SYSTEM TESTING

You must test each indicator, rule, and method before including them in your trading system. Many traders do this by dumping historical data into testing software and obtaining a printout of their system’s parameters. The profit-loss ratio, the biggest and the smallest profit or loss, the average profit and loss, the longest winning and losing streaks, the average profit, and the average or the maximum drawdowns give the appearance of objectivity and solidity.

Those printouts provide a false sense of security. You may have a very nice printout, but what if the system delivers five losses in a row, while you trade real money? Nothing in your testing has prepared you for that, but it happens all the time. You grit your teeth and put on another trade. Another loss. Your drawdown is getting deeper. Will you put on the next trade? Suddenly, an impressive printout looks like a very thin reed on which to hang your future, while your account is being whittled away.

The attraction of electronic testing is such that there is now a small cottage industry of programmers who test systems for a fee. Some traders spend months, if not years, learning to use testing software. A loser who cannot admit he’s afraid to trade has a wonderful excuse that he is learning new software. He’s like a swimmer who is afraid of water and keeps himself busy ironing his swimsuit.

Only one kind of system testing makes sense. It is slow, it is timeconsuming, and it does not lend itself to testing a hundred markets at once, but it’s the only method that prepares you for trading. It consists of going through historical data one day at a time, scrupulously writing down your trading signals for the day ahead, then clicking your chart forward and recording the trades and signals for the next day.

Begin by downloading your stock or futures data for a minimum of two years. Swing to the left side of the file, without looking at what happened next.
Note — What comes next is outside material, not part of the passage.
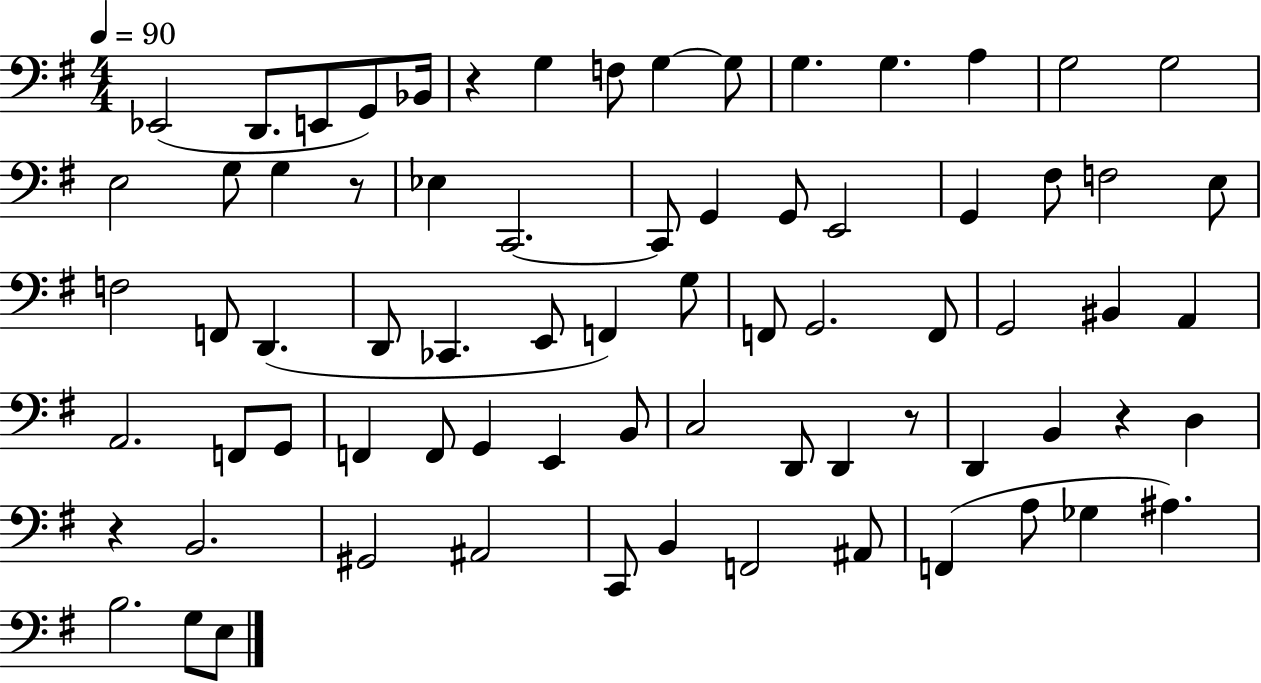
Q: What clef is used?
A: bass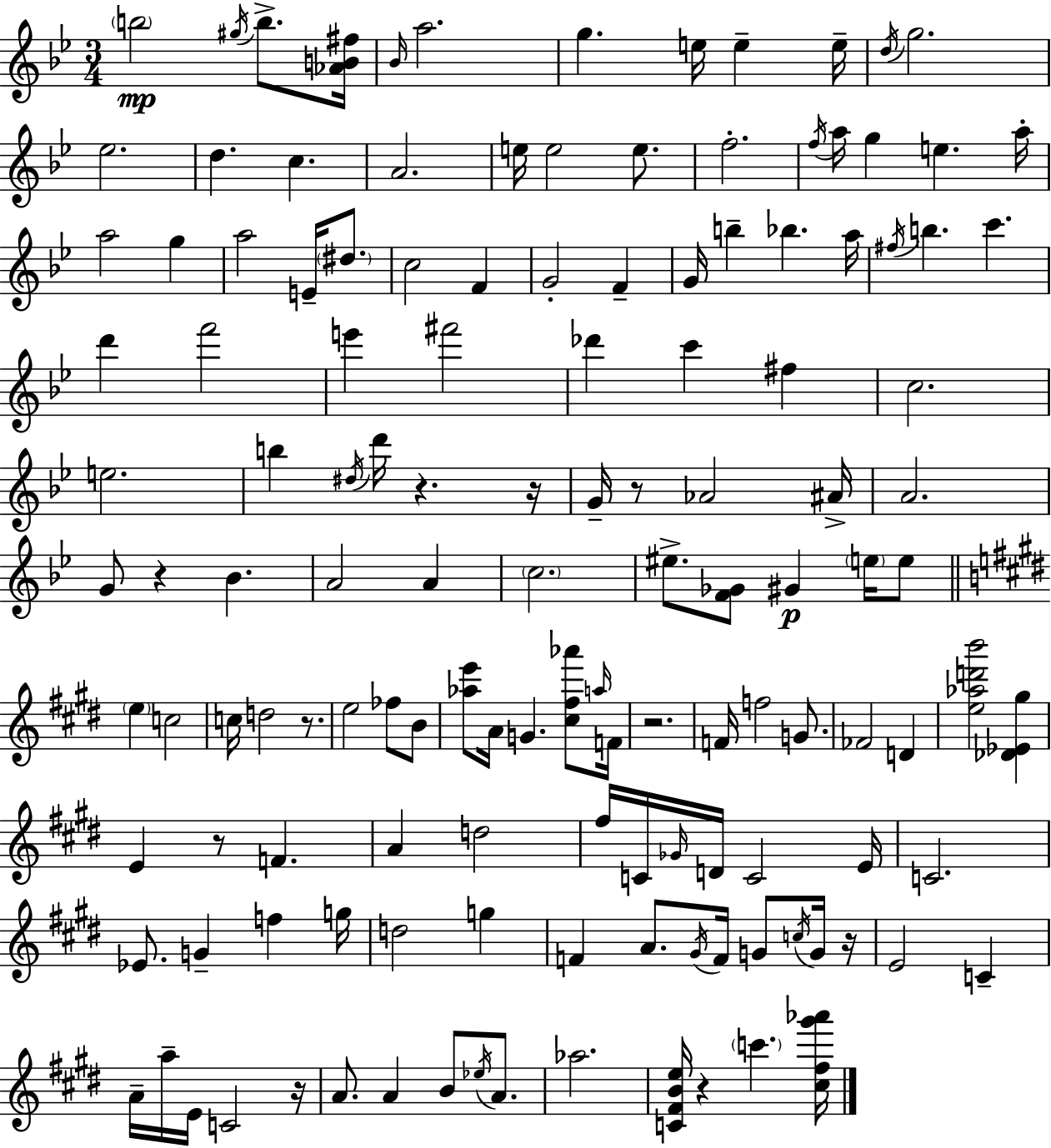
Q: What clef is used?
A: treble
Open your technical analysis program and a spreadsheet. The two most important keys for traders on a computer are Alt and Tab because they let you switch between two programs. Open two windows in your analytic program—one for your long-term chart with its indicators, the other for the short-term chart. Open a spreadsheet, write down your system’s rules at the top of the page and create columns for the date, entry date and price, and the exit date and price.

Turn to the weekly chart and note its signal, if any. If it gives you a buy or sell signal, go to the daily chart ending on the same date to see whether it gives you a buy or a sell signal as well. If it does, record the order you have to place in your spreadsheet. Now return to the daily chart and click one day forward. See whether your buy or sell order was triggered. If so, return to the spreadsheet and record the result. Track your trade day by day, calculating stops and deciding where to take profits.

Follow this process throughout your entire data file, advancing a week at a time on the weekly chart, a day at a time on the daily chart. At every click write down your system’s signals and your actions.

As you click forward, one day at a time, the market history will slowly unfold and challenge you. You click and a buy signal comes into view. Will you take it? Record your decision in a spreadsheet. Will you take profits at a set target, on a sell signal, or on the basis of price action? You are doing much more than testing a set of rigid rules. Moving ahead day by day, you develop your decision-making skills. This one-bar-at-a-time forward testing is vastly superior to what you get from backtesting software.

How will you deal with gap openings when prices open above your buy level or below your stop? What about limit moves in futures? Should the system be adjusted, changed, or scrapped? Clicking forward one day at a time gets you as close to the real experience of trading as you can ever get without putting on a trade. It puts you in touch with the raw edge of the market, which you can never experience through an orderly printout from a professional system tester.

Manual testing will improve your ability to think, recognize events, and act in the foggy environment of the market. Your trading plans must include certain absolute rules, most of them concerning money management. As long as you stay within those rules, you have much freedom in trading the markets. Your growing levels of knowledge, maturity, judgment, and skill are much more important assets than any computerized testing.